Driver-Level Throughput Limiting
Pair local injection detection with driver-level transmission rate limiting on the legitimate sender. If a malicious node attempts to flood with the spoofed ID, the legitimate sender's driver can refuse to amplify the issue and the security event is captured cleanly. This is a building block for SL2 against bus-flooding attempts.

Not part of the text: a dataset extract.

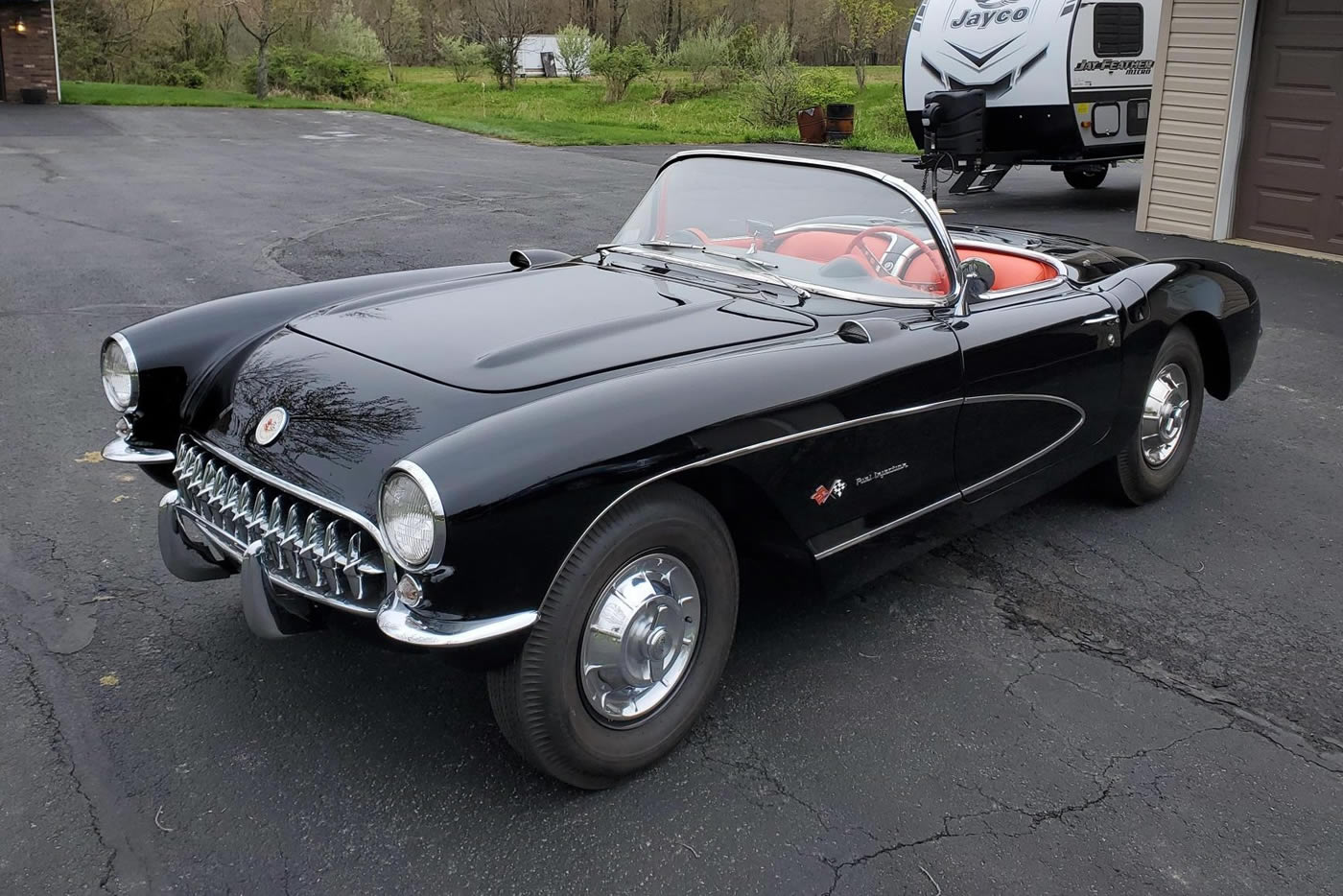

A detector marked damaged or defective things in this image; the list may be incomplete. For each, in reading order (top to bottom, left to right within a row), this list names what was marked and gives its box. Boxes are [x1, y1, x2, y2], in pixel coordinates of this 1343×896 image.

rusty barrel [821, 104, 854, 143]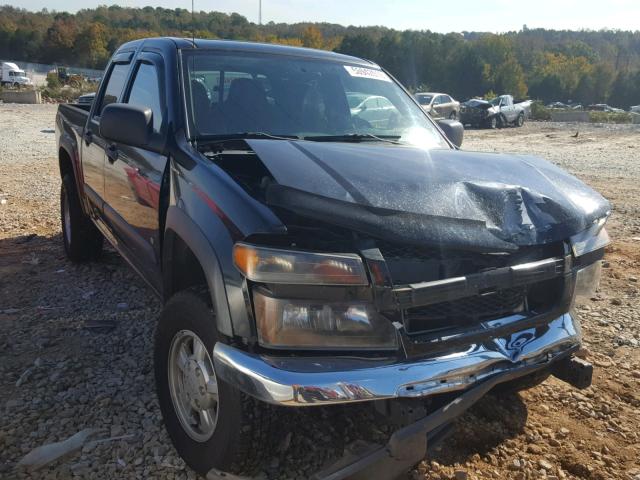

IEC 62443 SL2 for Local Node
For inject/replay against a node with local injection detection plus rate limiting, IEC 62443 SL2 is reachable for that node's own messaging. SL3 typically requires Frame Security (cryptographic authentication and confidentiality). SR 3.1 SR 7.x
Integration with Anomaly Event Monitoring
Local injection detection is most useful when its findings
are forwarded to Anomaly Event
Monitoring with an auditable log. Standalone, the
detection lives only in the legitimate sender; integrated, it
becomes part of the system's CRA-relevant
security posture. Although forwarding the information could be
executed via CAN, this might not work if the device detecting
and transmitting the information is already under attack. The
next best solution here is stopping transmission of a secure
heartbeat. The Anomaly Event Monitoring may interpret a lost
secure heartbeat as that device being under attack.
CANcrypt's
(and SPsec's) secure heartbeat implements this concept: sender
liveness with cryptographic protection.
What This Shell Does Not Catch
Local injection detection only detects injection of frames using the listening node's own CAN IDs. It cannot detect spoofing of a different node's IDs, content-only manipulation of legitimate frames, or fast spoof-and-rollback during a window when the legitimate sender is silent. It detects but does not prevent; the injected frame still reached every receiver before the alarm fires. Pair this shell with Anomaly Event Monitoring for cross-node correlation, and with Frame Security for true prevention.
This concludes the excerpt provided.